You are viewing a plain text version of this content. The canonical link for it is here.
Posted to dev@tvm.apache.org by Yao Wang <no...@github.com> on 2020/02/28 18:56:21 UTC

[apache/incubator-tvm] [RFC] Enhance TensorFlow Frontend Control Flow Support (#4969)

### Summary
In today’s TVM TensorFlow frontend, there is only limited support for control flow, which resulting in difficult in covering TensorFlow object detection models. In this RFC, we will discuss how to improve current TVM TF frontend to fully support TensorFlow control flow.

### Solution
#### Visit TensorFlow Graph Def
Currently TVM parses TensorFlow Graph Def node by node in topological order. However, topological order might not stand any more if control flow is introduced into graph def. We do the following to alter the visiting order:

1. Visit all nodes in original graph def order and fetch all control flow nodes.
2. For all control flows nodes, modify the order so that for each while_loop, all Exit nodes sit at the end.
3. Visit all control flow nodes in modified order and generate corresponding Relay Functions. For each control flow node, we backtrack all its ancestor nodes until input nodes.
4. Visit and parse other unvisited nodes.

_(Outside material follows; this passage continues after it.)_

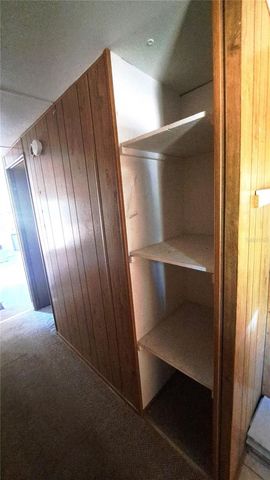 669 SW SHILOH STREET, Fort White, FL 32038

#### Parse Control Flow nodes
In TVM, while loop is represented as a recursive function. To convert a TensorFlow while_loop block into a Relay function, the following assumption must stand:

1. All `Exit` nodes under the same while_loop must have the same node name prefix as this while loop block, which is got with `node.name.rsplit('/', 1)[0]`. In TensorFlow 1.x, user can specify the name of while_loop, but `Exit` node prefix is automated generated with ancestor nodes’ names. 
2. `Merge`, `Switch`, `NextIteration` and `Exit` nodes with the same postfix number are belong to the same iteration body. For example, `Merge_1`, `Switch_1`, `NextIteration_1` and `Exit_1` should refer to the same iteration body. Since these four nodes are generated when user creating while_loop, the postfix number can’t be arbitrarily set.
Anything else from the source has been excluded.